Keeping the tone sombre and the colour palate pale, the film has a quiet, subtle nature, even in the height of the powerful scenes. Characters can lash out and shout at one another, a group of teens bully another to the point of complete despair, but the meaning of the story and the realisation of all that Sam has learned is saved for the last replaying of the day.

In her performance Deutch shows maturity in her emotions and draws you in from the start, even though the character isn’t your typical teenage heroine. She isn’t all that likable to begin with – yelling at her much younger sister for touching her gloves, part of the crowd that bullies Juliet – but she plays Sam with a delicate, well hidden vulnerability.

That’s not to say that she’s the worst character in her group of close friends. The leader of the group, Lindsay (Halston Sage) is the worst for bullying Juliet (Elena Kampouris) and is the perfect blend of wonderful to her friends, but awful to her target. It’s a real, uncompromising performance that reminds me of people I knew at school and she draws you in as much Zoey Deutch’s does.

Deutch and Sage aren’t the only well casted actors. Every character from Sam’s boyfriend to her childhood sweetheart and Lindsay and Sam’s other friends, all come off the screen as so real it makes other teenage films pale in comparison.

As much as I love Sage and Deutch in this film, Elena Kampouris has perhaps the best role and is arguably the most important character. Bullies for years, Juliet is isolated from the rest of her school’s student population and is seen as a weirdo and ‘freak’. People are of the opinion that she should be institutionalised, even though, as we learn as the story progresses, she isn’t mentally ill, but has been bullied to the point of trusting no one. Showing the character’s broken vulnerability and mental fragility, Kampouris brings a powerful performance and shows that the character has an inner strength. She stands up to Lindsay, Sam and their friends at a party, though it doesn’t go well for her. She isn’t the weak victim teenage victims are usually portrayed as. There’s a quiet grace to the character’s most vulnerable moments and as she becomes ever more important to the plot and Sam’s journey, you learn more about her and see more of her strength, and this helps Sam to learn about herself.

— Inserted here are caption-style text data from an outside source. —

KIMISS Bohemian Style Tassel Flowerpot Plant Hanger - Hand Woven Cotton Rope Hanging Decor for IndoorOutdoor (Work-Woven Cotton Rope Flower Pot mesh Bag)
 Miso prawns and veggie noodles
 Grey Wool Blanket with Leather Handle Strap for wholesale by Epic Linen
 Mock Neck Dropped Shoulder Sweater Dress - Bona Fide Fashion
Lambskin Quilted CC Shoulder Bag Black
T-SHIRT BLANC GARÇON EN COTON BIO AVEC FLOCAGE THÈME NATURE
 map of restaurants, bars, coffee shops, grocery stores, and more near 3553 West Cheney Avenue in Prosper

Stuck in the loop of the final day of her life, Sam learns who she is without the influence of those around her. She stops lying to herself about the romantic aspect of her life and learns who she is and all she can be, a life lesson that is so important to us all. There are a few typical teenage tropes that make their way into the film – the bully is blonde, the victim is frumpy and knows nothing about fashion, Sam’s boyfriend drinks too much and she has always liked her childhood sweetheart more but was lying to herself about it – but they aren’t so overbearing that it feels like a massive cliché or are distracting. It’s a beautiful story. A masterpiece in pacing and cinematography and character, Before I Fall is a must see film for all that that gets you in the heart and leaves you thinking.